Qu'est-ce que la conscience ?
Une machine peut-elle vraiment penser ?
L'esprit n'est-il qu'un enchevêtrement
de neurones,
ou existe-t-il une insaisissable
étincelle en son sein ?
Nombreux sont ceux qui pensent
que ces questions sont cruciales
pour l'avenir
de l’Intelligence Artificielle.
Mais le scientifique britannique Alan
Turing a décidé d'écarter ces questions
au profit d'une autre,
beaucoup plus simple :
un ordinateur peut-il parler
comme un être humain ?
Cette question a amené une idée
pour mesurer l’Intelligence Artificielle
qui deviendrait très vite connue
sous le nom de « Test de Turing ».
Dans son article de 1950, « Intelligence
et machines informatiques »,
Turing propose le jeu suivant :
un juge humain reçoit la transcription
d'une conversation sans voir les joueurs
et évalue leurs réponses.
Pour réussir le test, un ordinateur
doit pouvoir remplacer l'un des joueurs
sans changer les résultats
de façon significative.
En d'autres mots, on considère
que l'ordinateur est intelligent
si sa conversation ne peut pas être
facilement différenciée
de celle d'un humain.
Turing conjectura que d'ici l'an 2000,
des machines avec 100 Mégabytes de mémoire
réussiraient facilement le test.
Mais il a été trop optimiste.
Bien que nos ordinateurs aujourd'hui
possèdent bien plus de mémoire que ça,
peu ont réussi,
et ceux qui ont bien marché
se sont plus concentrés sur
des façons astucieuses de duper les juges
plutôt que d'utiliser leur phénoménale
puissance de calcul.
Bien qu'il n'ait jamais été soumis
à un test réel,
le premier programme à revendiquer
un succès s'appelait ELIZA.
Avec un code plutôt simple et court,
il s'est débrouillé pour tromper les gens
en imitant un psychologue,
c'est-à-dire encourager
les gens à parler plus,
en leur renvoyant leur propres questions.

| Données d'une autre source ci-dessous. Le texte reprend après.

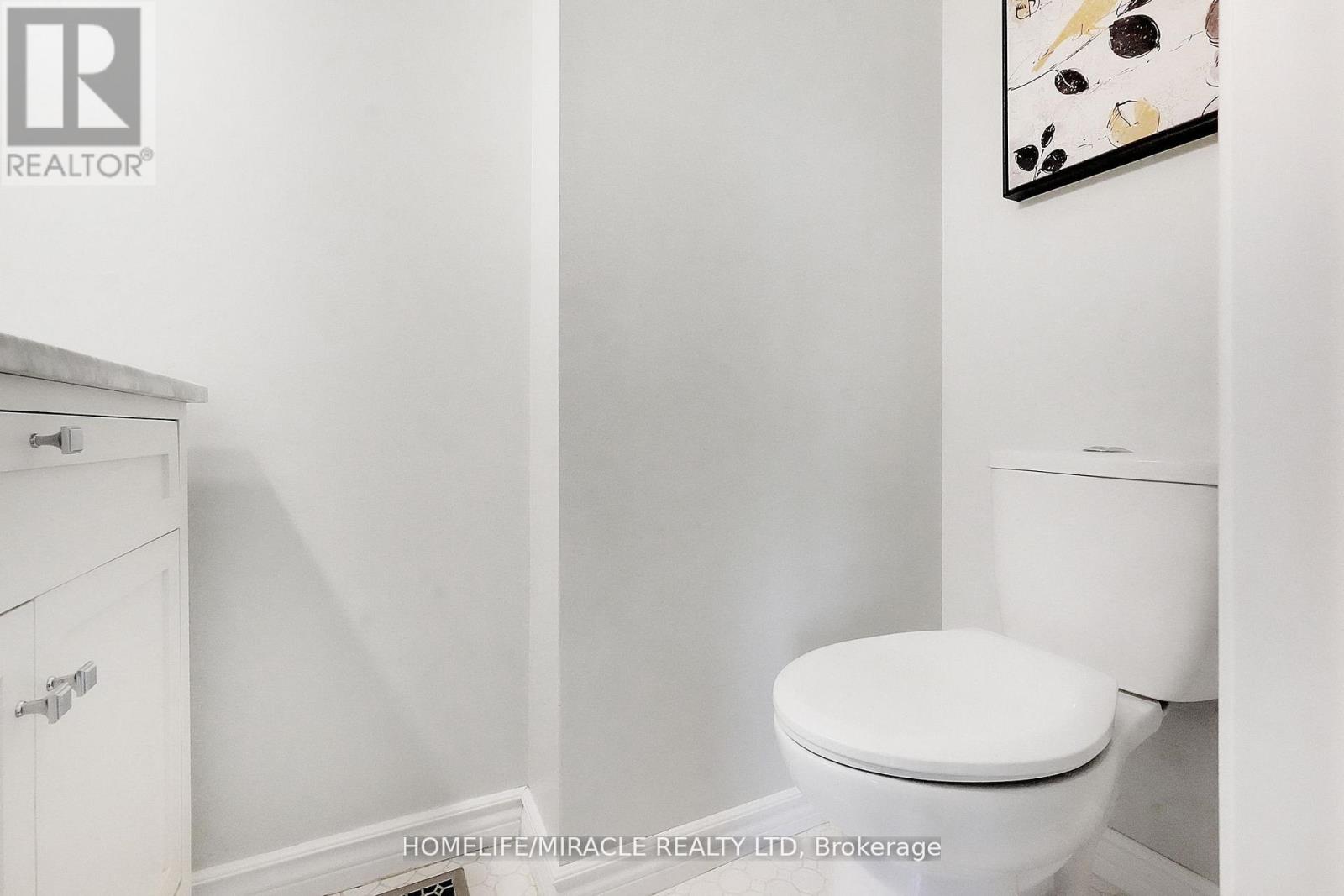 32 - 4165 Fieldgate Drive Property Photo 23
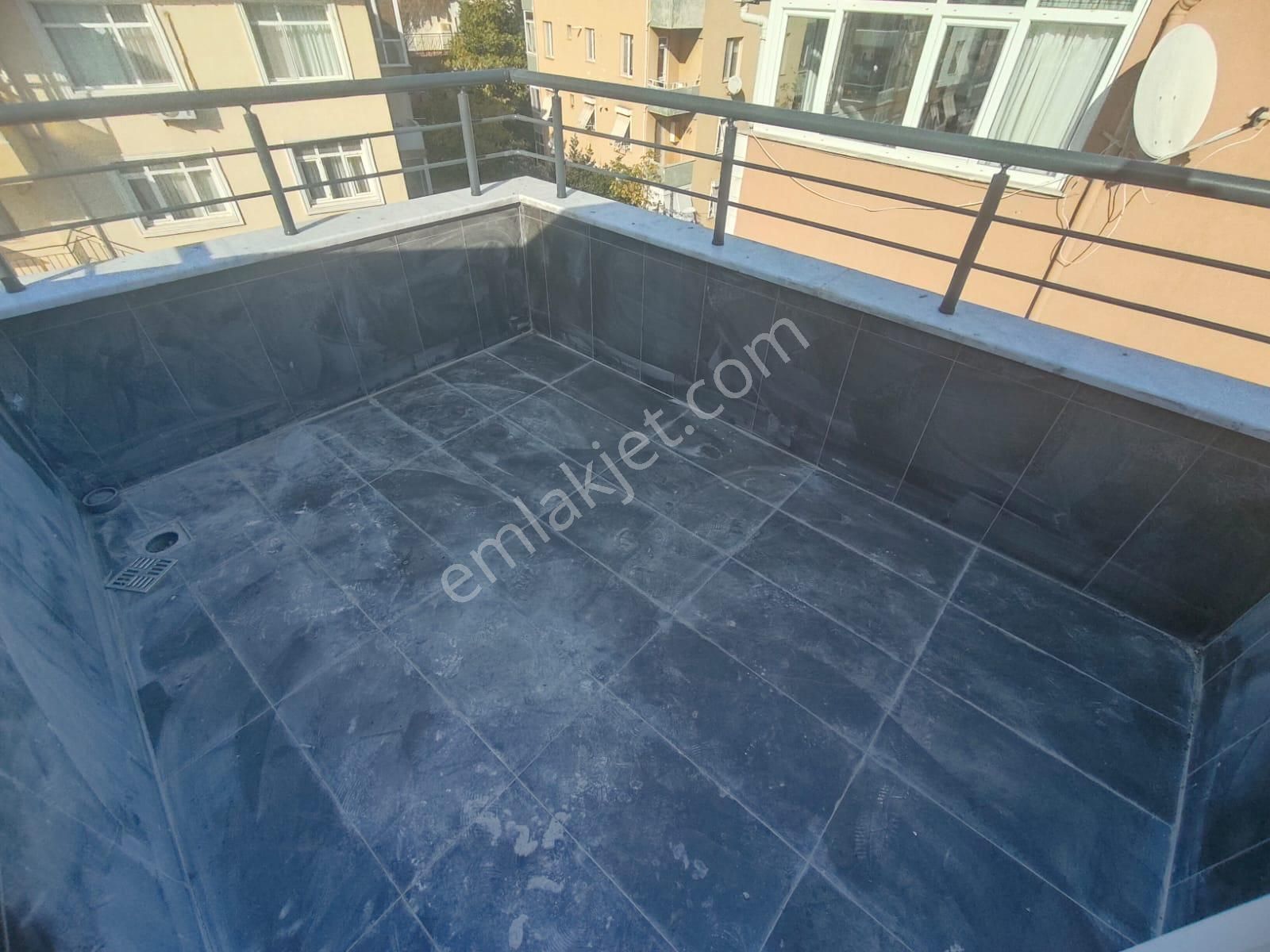 Emlak Dünyasından Altıntepede 3+1 Dubleks Daire - Görsel 17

Un autre précurseur, PARRY,
a adopté une approche opposée
en imitant un schizophrénie paranoïde
qui oriente sans cesse la conversation
vers ses propres obsessions.
Sa réussite à duper les gens a mis
la lumière sur une faiblesse du test.
Les humains qualifient d'intelligence
une grande variété de choses
qui en fait n'en sont pas.
Toutefois, des concours annuels
comme le prix Loebner,
ont rendu le test plus formel :
les juges savent à l'avance
que certains de leurs interlocuteurs
sont des machines.
Malgré un saut qualitatif,
les programmateurs
d'agents conversationnels
ont utilisé des stratégies similaires
à celles d'ELIZA et de PARRY.
Catherine, vainqueur de l'édition de 1997,
pouvait maintenir un niveau soutenu
et raffiné de conversation
mais sur un seul sujet : Bill Clinton.
Pour un lauréat plus récent,
Eugene Goostman,
on a donné la personnalité
d'un garçon ukrainien de 13 ans ;
ainsi ses contresens, sa grammaire
maladroite furent interprétées
comme obstacles linguistiques
ou culturels.
Pendant ce temps, d'autres programmes
comme Cleverbot,
ont adopté une approche différente
en analysant statistiquement
d'énormes bases de données
de vraies conversations
afin de déterminer
les meilleures réponses.
Certains stockent aussi des traces
de conversations antérieures
afin d'améliorer au fil du temps.
Même si les réponses individuelles
de Cleverbot peuvent paraître
incroyablement humaines,
c'est son manque de cohérence
et son incapacité à traiter des sujets
complètement nouveaux
qui le trahissent de façon criante.
Qui, du temps de Turing, aurait pu prédire
que les ordinateurs d'aujourd'hui
pourraient piloter un vaisseau spatial,
effectuer des chirurgies délicates,
et résoudre d'énormes équations,
mais devraient toujours batailler
pour tenir une conversation élémentaire ?
Le langage humain se révèle être
un processus étonnamment complexe
qui ne peut même pas être saisi par
le plus grand dictionnaire.
Un robot peut être dérouté par
des pauses simples, comme « Heu... »
ou des questions sans réponse correcte.
Et une phrase simple comme :
« J'ai sorti le jus d'orange du frigo
et je lui ai donné,
mais j'ai oublié de vérifier la date. »
réclame une richesse
de connaissances sous-jacentes
et de l'intuition pour être décryptée.
Il s'avère que simuler
une conversation humaine
exige bien plus qu'une augmentation
de mémoire ou de puissance de calcul,
et en nous rapprochant
de l'objectif de Turing,
nous aurons à faire face à ces fameuses
questions sur la conscience après tout.